Seymour looks at potentially cutting Women, Māori Ministries out of policy talks

Author
Thomas Coughlan,
Publish Date
Fri, 5 Apr 2024, 7:06AM

Minister for Regulation David Seymour is frustrated at the way population ministries can slow down the business of Government. 

Most proposals have to be farmed out to population ministries like the Ministries for Women, Māori, and Pacific Peoples asking whether they think any policy changes will impact the people they are responsible for. 

If the ministries have anything to say, and often they do not, their comments are put in a box on the final Cabinet Paper. 

Some papers also receive a climate impact assessment, which triggers if the proposal is likely to have an impact on New Zealand’s emissions reduction goals. 

Speaking to On the Tiles, the Herald’s politics podcast, Seymour said this slowed things down and that he was keen to change it, although a final proposal had not gone to other ministers. 

Seymour said he believed too many of these ministries were consulted when drafting Cabinet papers. 

He described a negative experience he was having drawing up a proposal to revive charter schools. 

“I’m really proud of the work that the Ministry of Education officials have done solving some pretty knotty problems,” Seymour said. 

“Then they go off to the Ministry for Women, the Ministry for Pacific Peoples TPK [Te Puni Kokiri - Ministry of Māori Development] and they all sort of get asked, well, what do you think about this?” Seymour said. 

He believed the agencies did not add much value with their analysis. 

“For the most part they come up with is, ‘well, women are interested in education’, - well, sure, but there’s no quality, there’s no addition there,” he said. 

Seymour would not say what he planned to do, saying he would wait for Cabinet to consider proposals. 

“You can probably guess what I’m thinking about it,” he said. 

Seymour is currently establishing his Ministry of Regulation, which will review existing regulations and be involved when the Government intends to draft new ones. The Ministry will be a “core” Government department, sitting alongside Treasury, the Department of Prime Minister and Cabinet, and the Public Service Commission. 

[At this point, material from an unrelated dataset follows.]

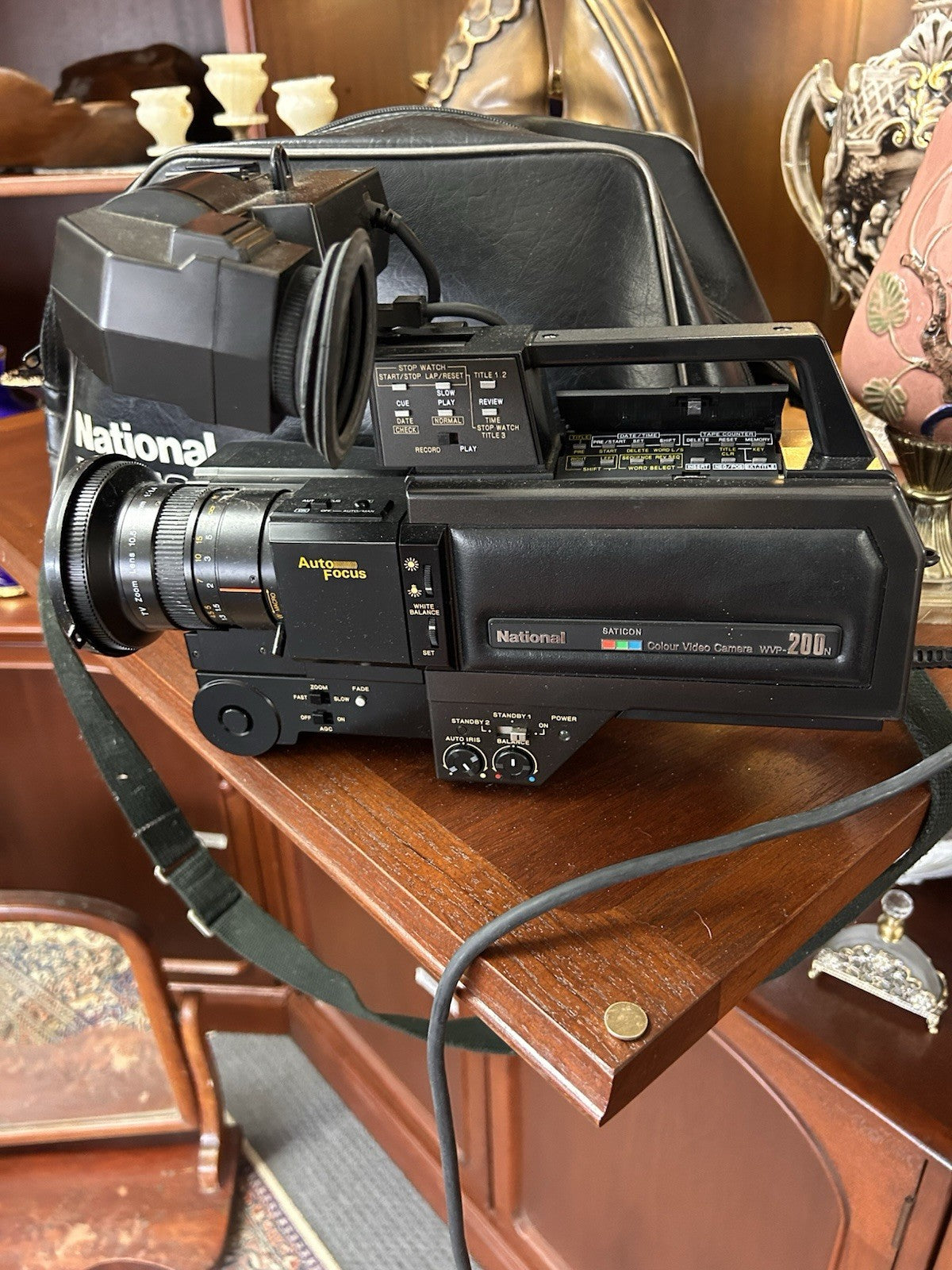 Vintage National Saticon VHS Video Camera WV-P200N + Original Bag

Seymour said this status would give it the ability to look at regulation across government. With just a handful of staff, it has already begun, in part, its review of Early Childhood Education regulation. Seymour said he hopes it will be able to begin one review each quarter, although each review may take longer than a quarter to complete. 

“Someone from the Ministry of Regulation has started talking to people in that early childhood sector and saying, ‘ok, well, where would you look?’” Seymour said. 

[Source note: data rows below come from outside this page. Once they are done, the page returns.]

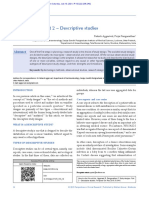 Study Designs: Part 2 - Descriptive Studies: Statistics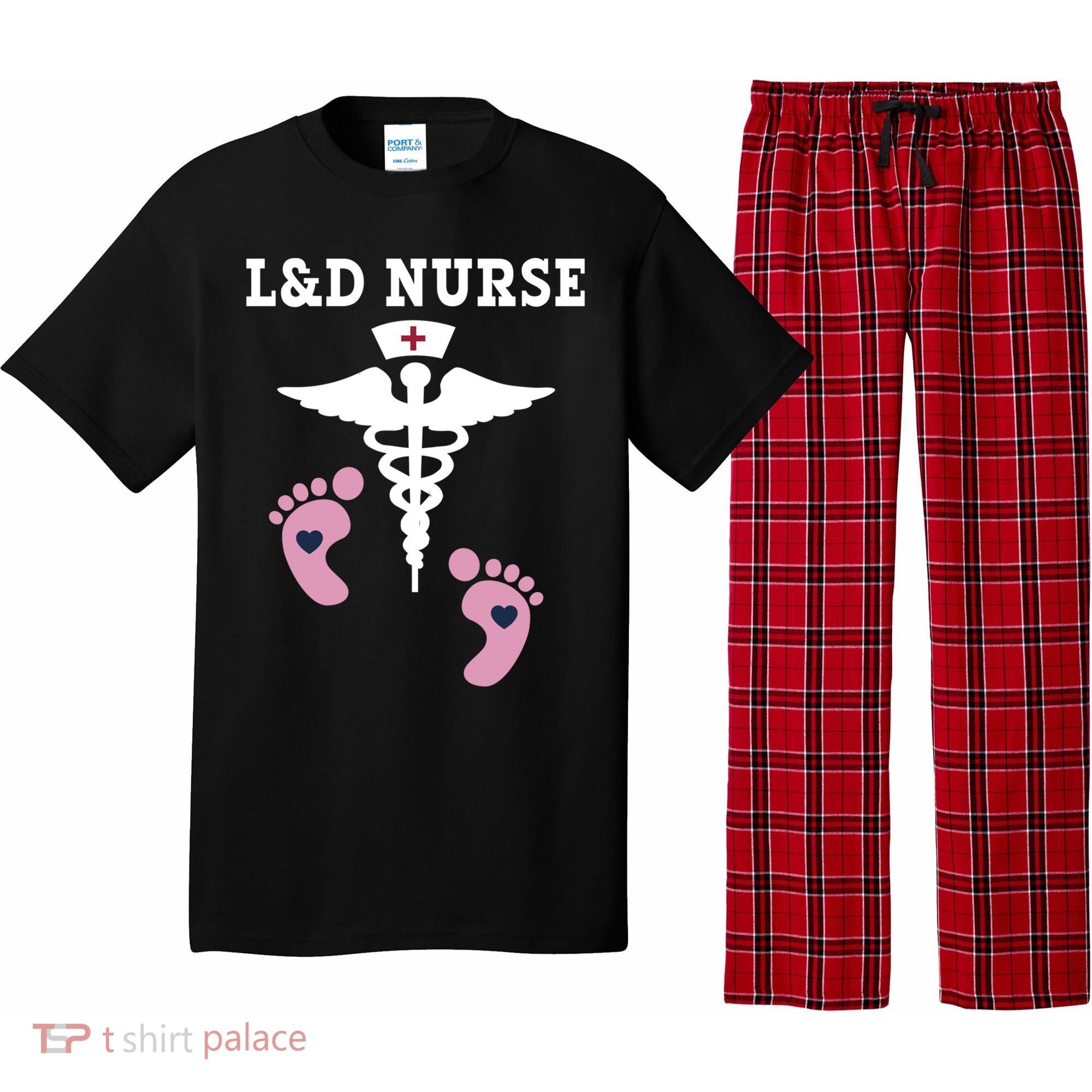L And D Labor And Delivery Nurse Gift Pajama Set
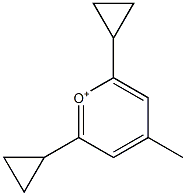 2,6-Dicyclopropyl-4-methylpyrylium Structure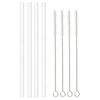 4-Pack Replacement Straws for Hydro Flask Wide Mouth Bottle Hydroflask Straw Lid, 4 BPA-FREE Straws and 4 Straw Cleaning Brushes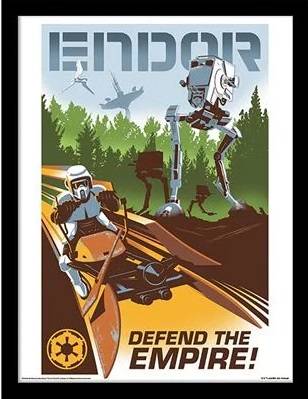 Star Wars Endor - Collector Print 30X40Cm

The Ministry will review a sector’s regulations and decide whether any should be changed or abolished. It can then recommend a new law that would abolish or amend those regulations. 

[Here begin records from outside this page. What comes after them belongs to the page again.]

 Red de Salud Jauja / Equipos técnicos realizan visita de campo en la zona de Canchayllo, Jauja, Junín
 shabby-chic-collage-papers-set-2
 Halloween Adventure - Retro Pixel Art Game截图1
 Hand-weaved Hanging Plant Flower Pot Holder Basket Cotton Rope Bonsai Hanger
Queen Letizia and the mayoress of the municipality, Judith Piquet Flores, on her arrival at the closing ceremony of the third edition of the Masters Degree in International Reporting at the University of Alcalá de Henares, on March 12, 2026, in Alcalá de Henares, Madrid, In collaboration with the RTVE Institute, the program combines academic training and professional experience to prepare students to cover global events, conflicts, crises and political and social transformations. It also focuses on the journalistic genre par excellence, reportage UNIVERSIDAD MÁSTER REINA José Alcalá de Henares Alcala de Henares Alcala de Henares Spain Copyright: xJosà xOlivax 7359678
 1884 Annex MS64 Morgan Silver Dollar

The question of whether to introduce and pass that law would still rest with the the responsible minister, their government and Parliament. 

An earlier version of this story said the Ministry for Disabled People was part of the proposal. It is not. 

Thomas Coughlan is Deputy Political Editor and covers politics from Parliament. He has worked for the Herald since 2021 and has worked in the press gallery since 2018.